TASK ITEM: Transcribe the records below exactly as they appear, omitting any pictures.

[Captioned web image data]
==*==

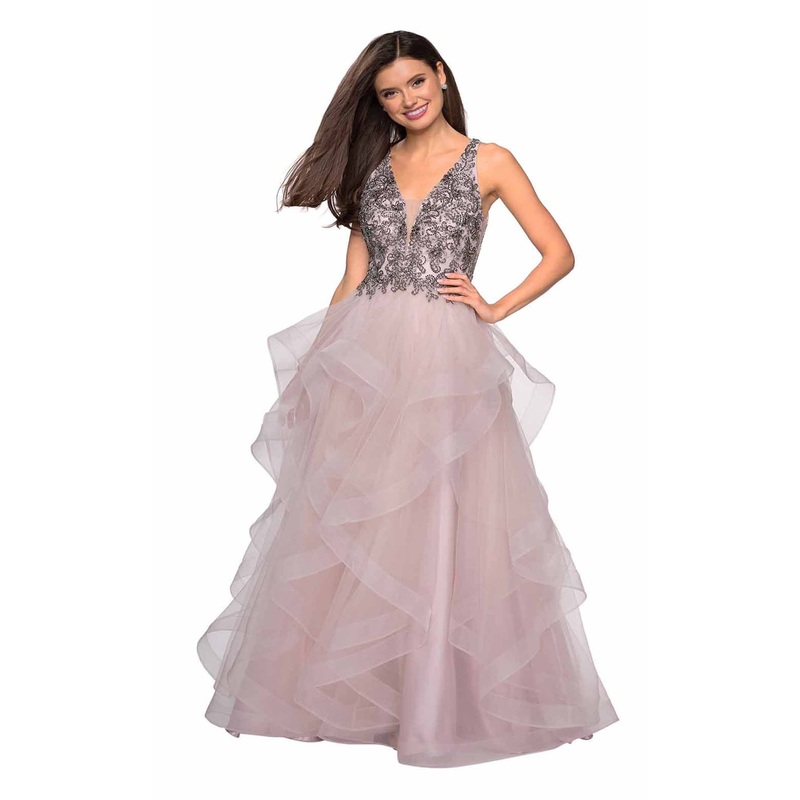 La Femme 27649 Dress Dusty Pink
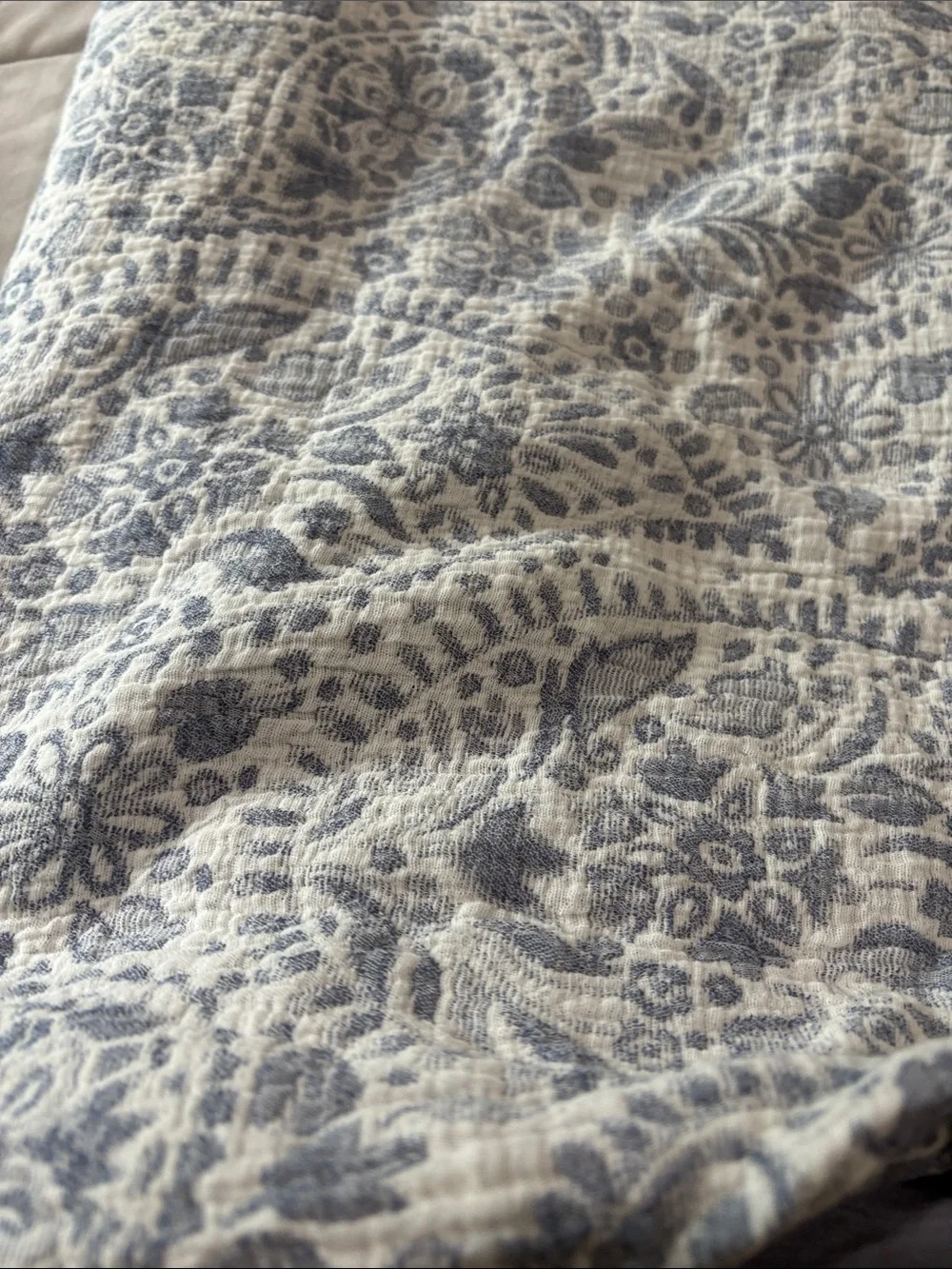 Tahari Slate Blue & Cream Paisley Quilted Coverlet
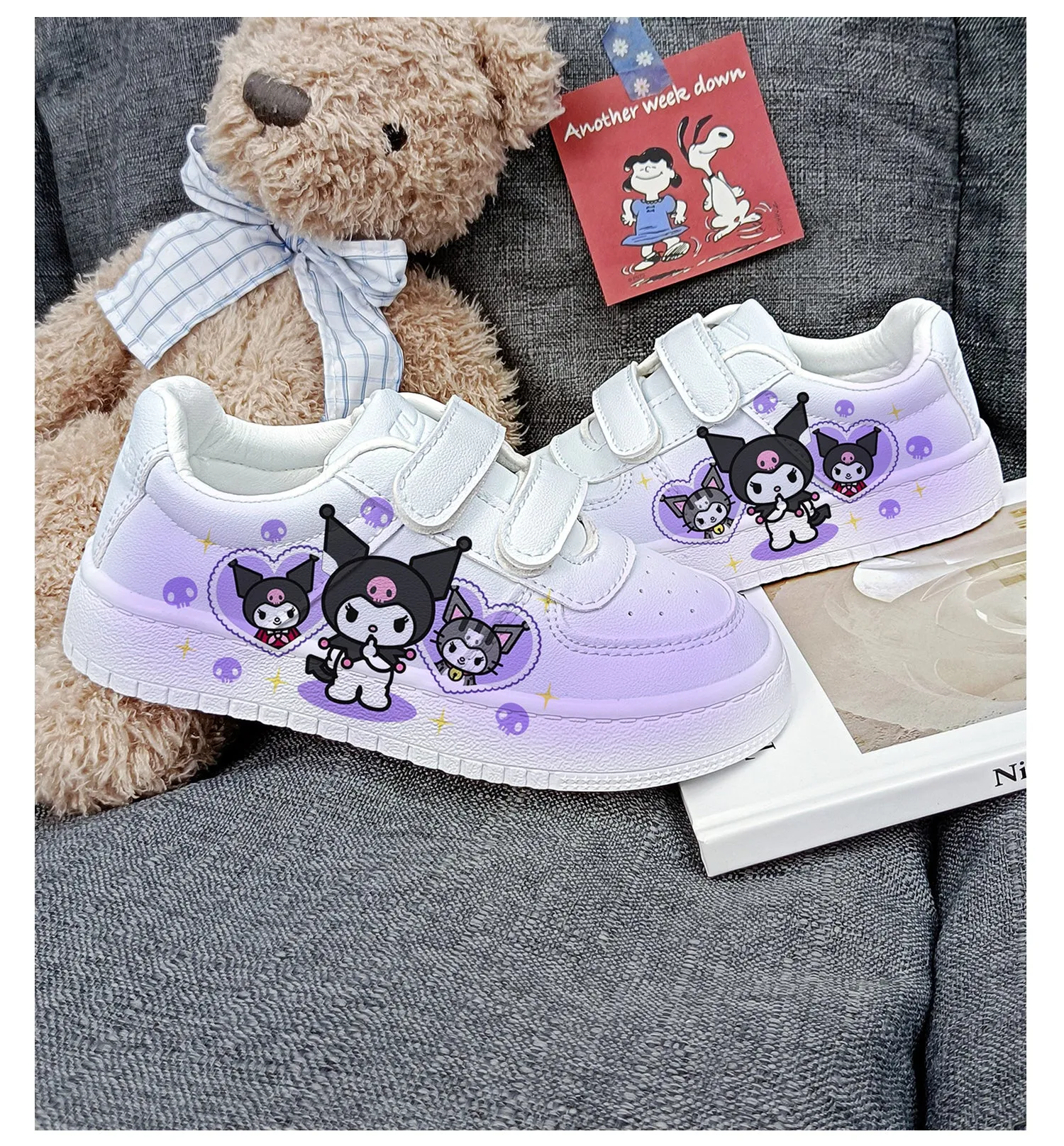 Kawaii Kuromi Student Sneakers Kids Size with Velcro Fastener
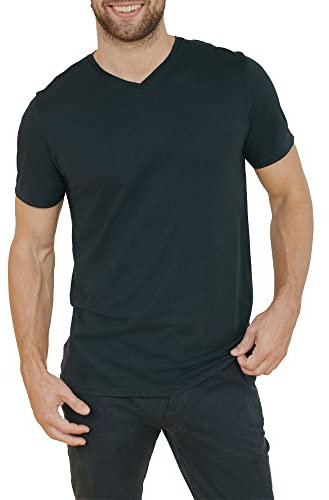 DANISH ENDURANCE Camiseta de Algodón Orgánico para Hombre de Manga Corta, Cuello Redondo o en V…, Cuello en Pico - Negro, M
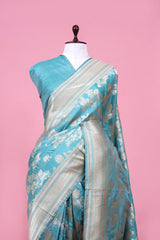 Sky Blue Handloom Katan Silk Banarasi Saree with Shikargah Zari Work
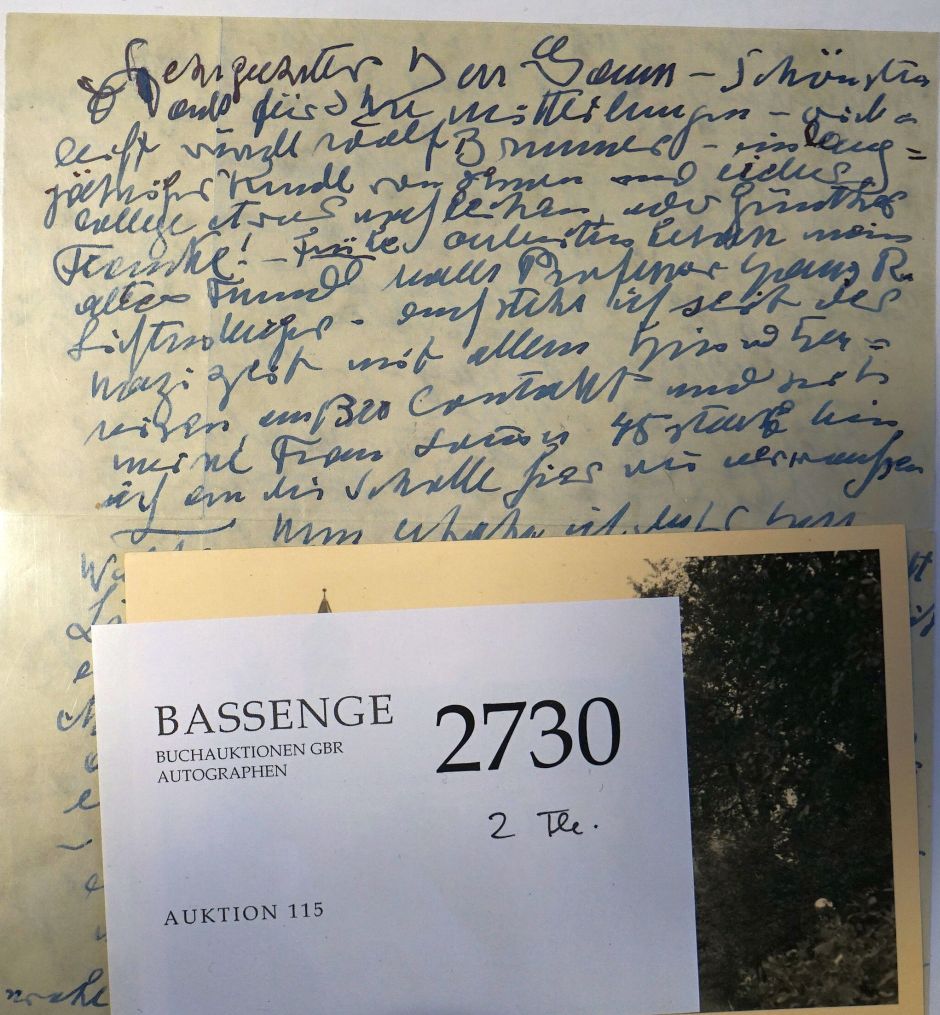 Lot 2730, Auction  115, Kubin, Alfred, Brief 1950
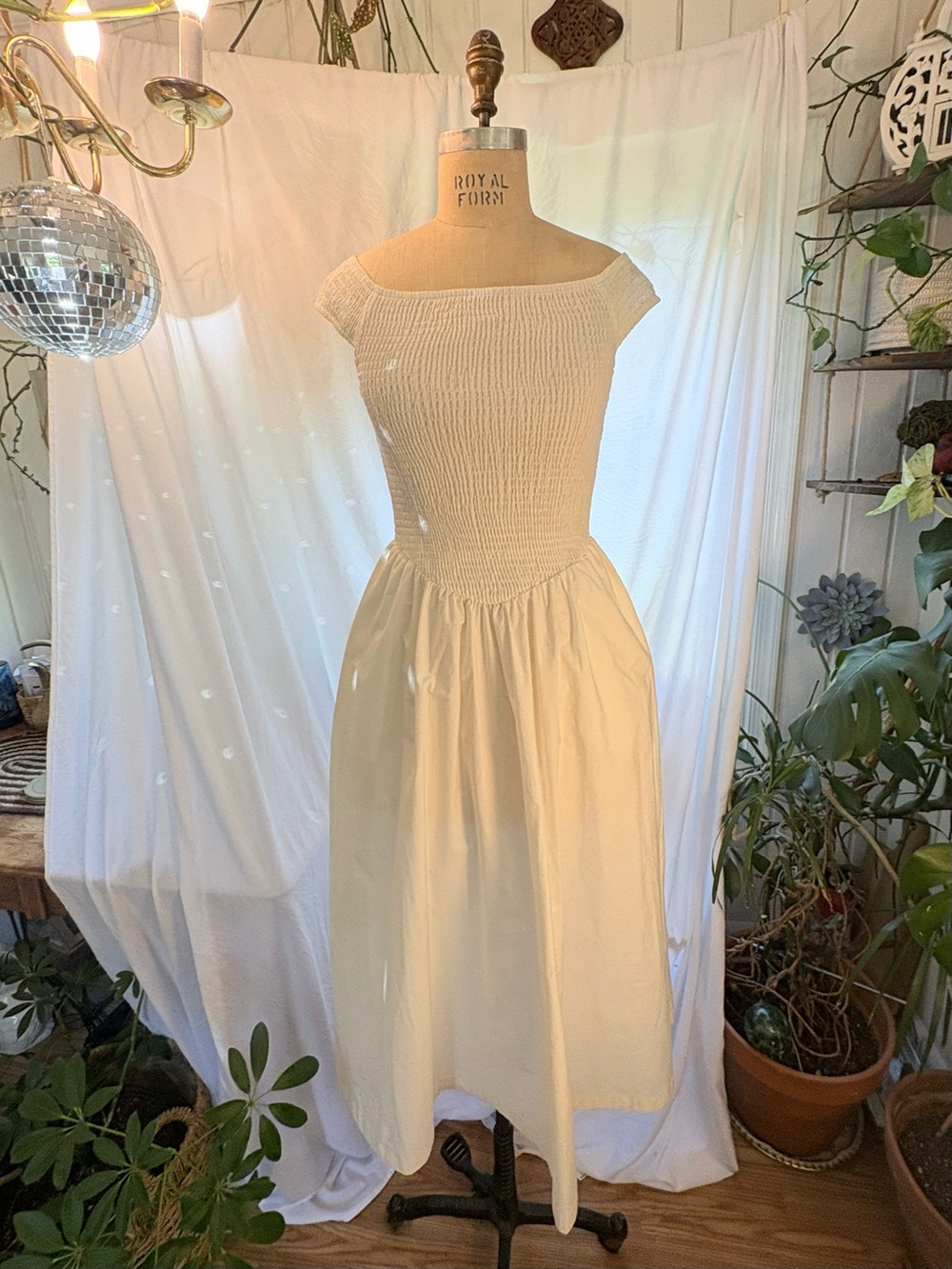 Free People XS Ivory Cotton Smocked Drop Waist Shoulder Midi Dress Pockets NWT
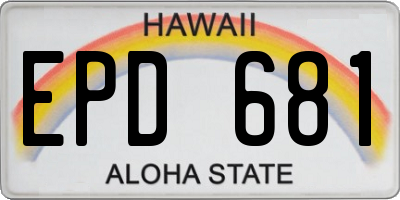 HI license plate EPD681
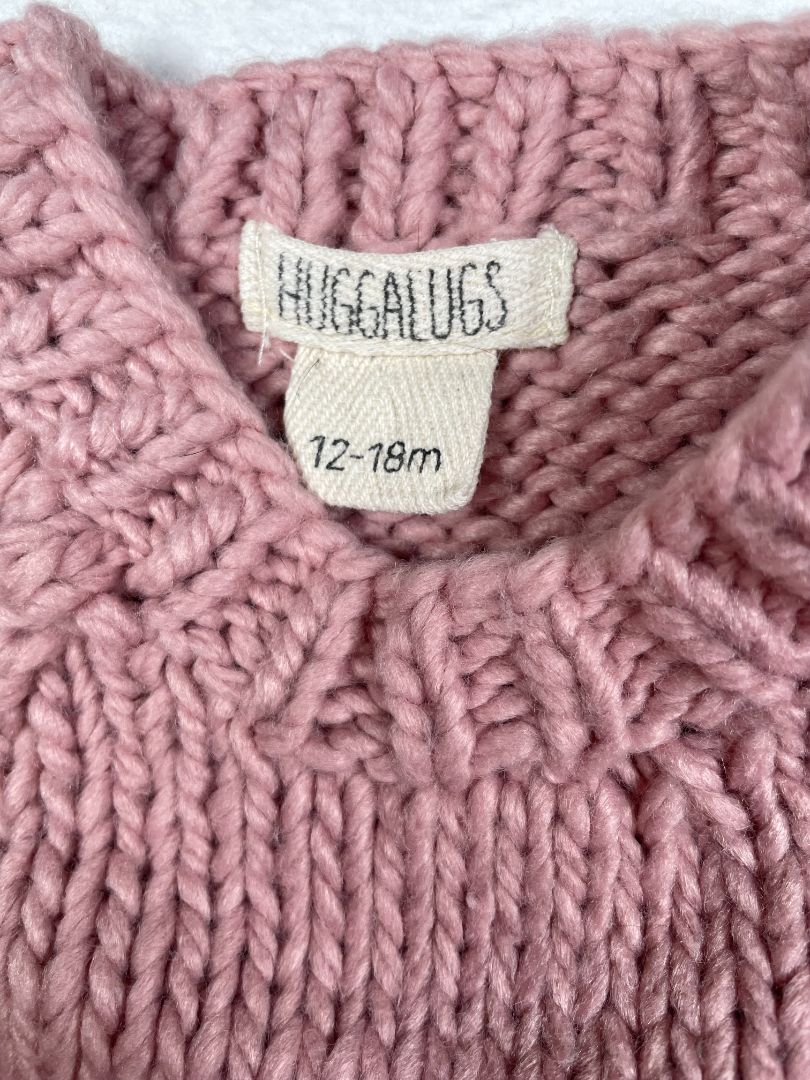 12-18 mo, Huggalugs, Pink, Hand knit "snow bunny" chunky sweater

==*==

OUTPUT BELOW:
 La Femme 27649 Dress Dusty Pink
 Tahari Slate Blue & Cream Paisley Quilted Coverlet
 Kawaii Kuromi Student Sneakers Kids Size with Velcro Fastener
 DANISH ENDURANCE Camiseta de Algodón Orgánico para Hombre de Manga Corta, Cuello Redondo o en V…, Cuello en Pico - Negro, M
 Sky Blue Handloom Katan Silk Banarasi Saree with Shikargah Zari Work
 Lot 2730, Auction  115, Kubin, Alfred, Brief 1950
 Free People XS Ivory Cotton Smocked Drop Waist Shoulder Midi Dress Pockets NWT
 HI license plate EPD681
 12-18 mo, Huggalugs, Pink, Hand knit "snow bunny" chunky sweater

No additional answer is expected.